What the exercise asks:
Give the listing again exactly, omitting its images.

Top of The records

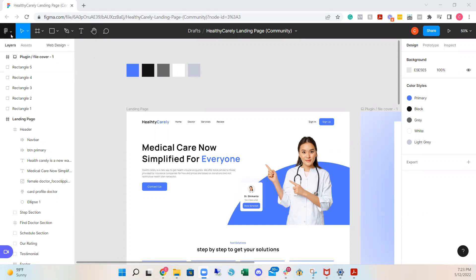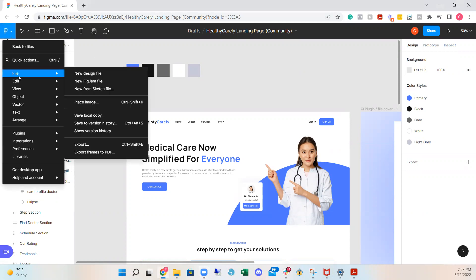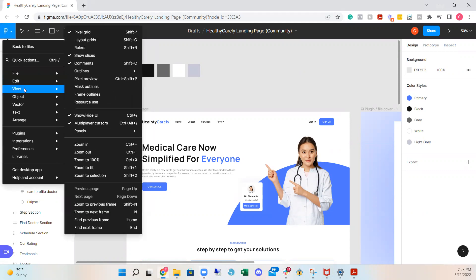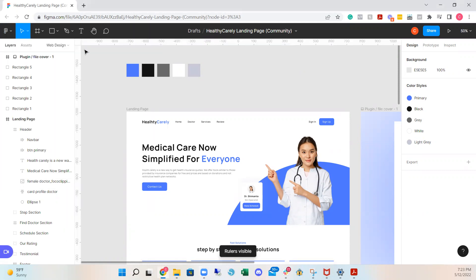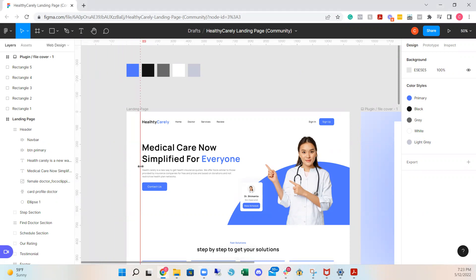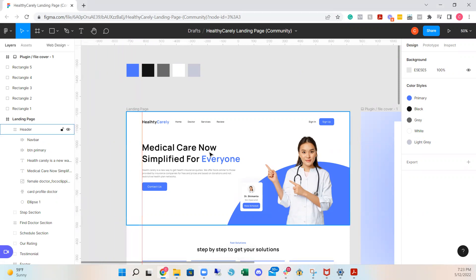What you want to do is go to the menu top left, select, go under View and select Rulers. Then the side should pop up and what you want to do is just click and drag. And then the rulers or guidelines should pop up.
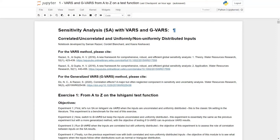Today I will be talking about the first tutorial of the VARS2 package. This tutorial will cover the VARS and GVARS functionalities. The VARS method is used for uncorrelated and uniformly distributed inputs, and GVARS is used for uncorrelated and non-uniformly distributed inputs.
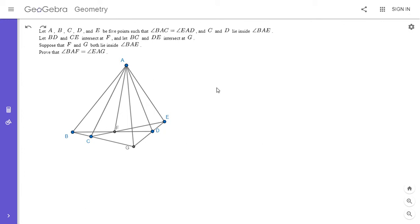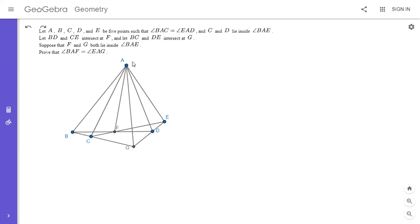We have five points A, B, C, D, and E such that angle BAC is equal to angle EAD, and C and D are both inside angle BAE. Let BD intersect CE at F, and let BC intersect DE at G. We want to show that angle BAF is equal to angle EAG.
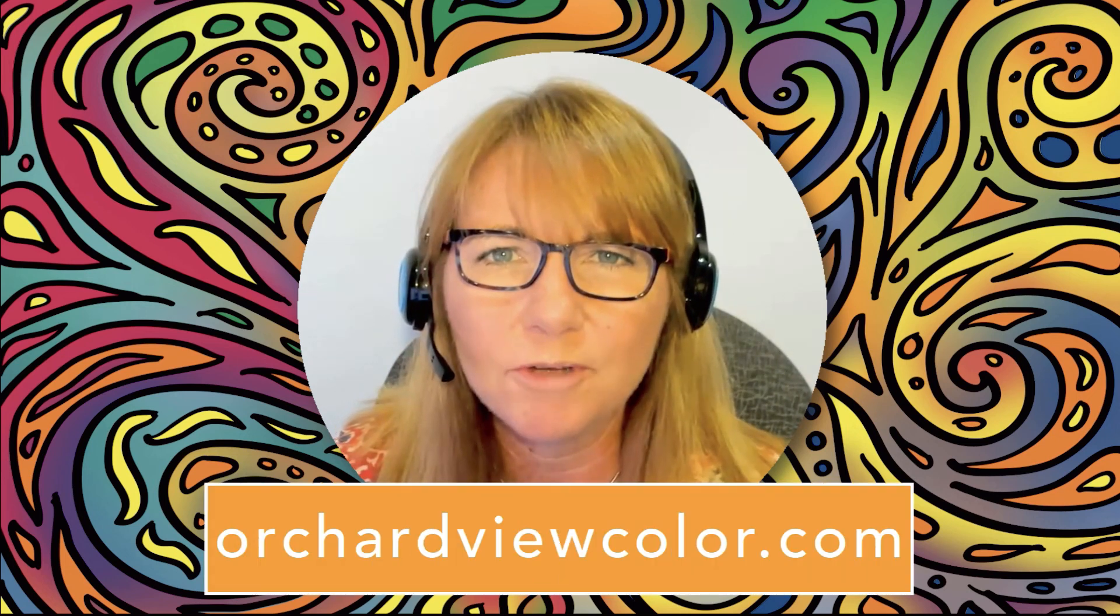Hi there, this is Teresa Jackson with another creative tutorial for you. While you're here, make sure to subscribe to my channel. And if you're interested in a more hands-on approach to your learning, visit my website, orchardviewcolor.com.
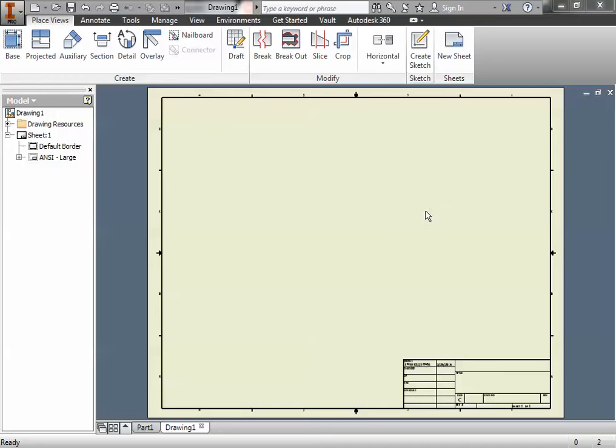We're going to make the drawing for the 7.2 drill block and start by creating a standard IDW file.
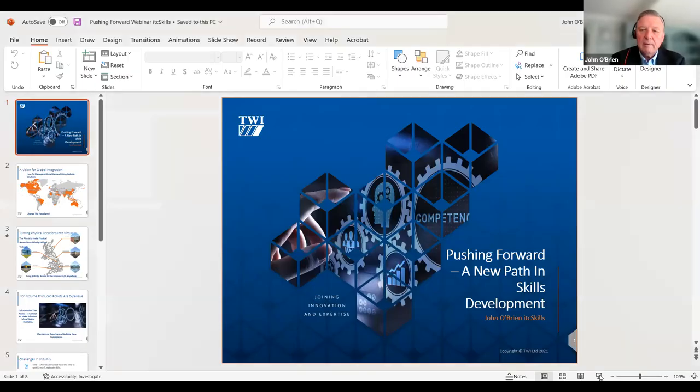Thank you very much once more. I can see the numbers are still going up in terms of people attending but we will get started with John. John O'Brien is a senior consultant at ITC Skills and he has got a huge background and experience. John, if you want to pull your slides up and do a quick introduction that would be great.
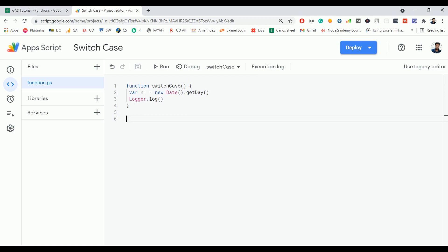Hello everyone, welcome back to the next video on Google Apps Script tutorial for beginners. In today's video, we are going to discuss the switch statement.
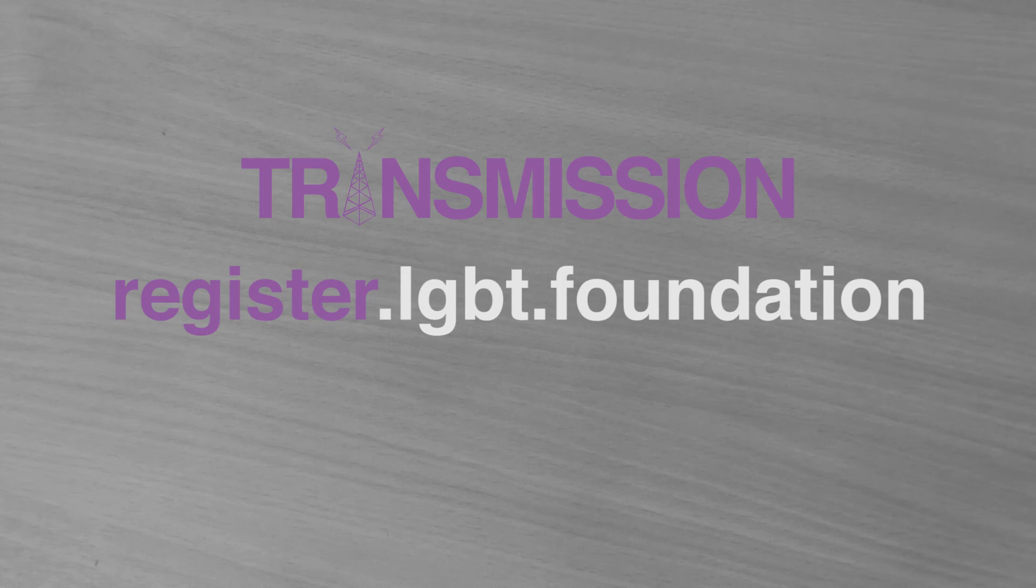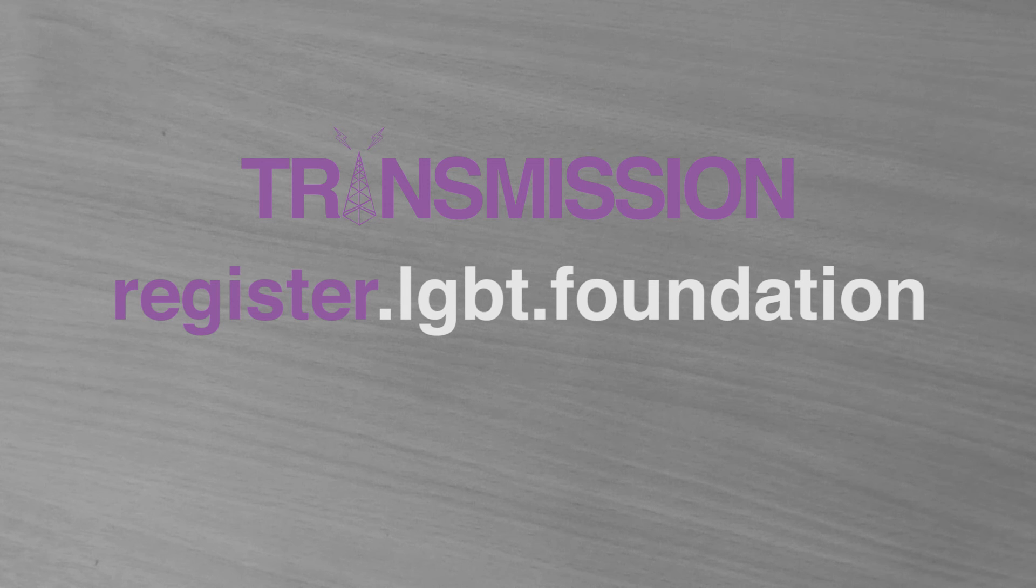If you are interested, please visit the LGBT Foundation website for more information and details on how to sign up. You can also register for the LGBT Foundation Trans Programme monthly e-bulletin, Transmission, which will keep you up to date on future speech and language resources.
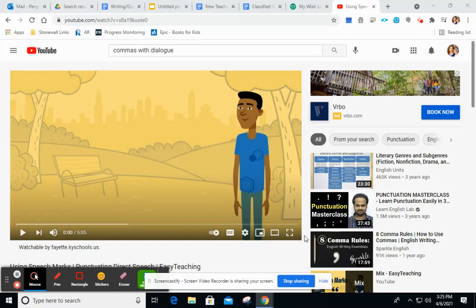Hey fabulous fourth graders! Today we are going to talk a little bit more about writing with quotation marks and commas. We are talking more about dialogue.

Bottom of The records

Response to this task:
What you want to do is go to the menu top left, select, go under View and select Rulers. Then the side should pop up and what you want to do is just click and drag. And then the rulers or guidelines should pop up.
Today I will be talking about the first tutorial of the VARS2 package. This tutorial will cover the VARS and GVARS functionalities. The VARS method is used for uncorrelated and uniformly distributed inputs, and GVARS is used for uncorrelated and non-uniformly distributed inputs.
We have five points A, B, C, D, and E such that angle BAC is equal to angle EAD, and C and D are both inside angle BAE. Let BD intersect CE at F, and let BC intersect DE at G. We want to show that angle BAF is equal to angle EAG.
Hi there, this is Teresa Jackson with another creative tutorial for you. While you're here, make sure to subscribe to my channel. And if you're interested in a more hands-on approach to your learning, visit my website, orchardviewcolor.com.
We're going to make the drawing for the 7.2 drill block and start by creating a standard IDW file.
Thank you very much once more. I can see the numbers are still going up in terms of people attending but we will get started with John. John O'Brien is a senior consultant at ITC Skills and he has got a huge background and experience. John, if you want to pull your slides up and do a quick introduction that would be great.
Hello everyone, welcome back to the next video on Google Apps Script tutorial for beginners. In today's video, we are going to discuss the switch statement.
If you are interested, please visit the LGBT Foundation website for more information and details on how to sign up. You can also register for the LGBT Foundation Trans Programme monthly e-bulletin, Transmission, which will keep you up to date on future speech and language resources.
Hey fabulous fourth graders! Today we are going to talk a little bit more about writing with quotation marks and commas. We are talking more about dialogue.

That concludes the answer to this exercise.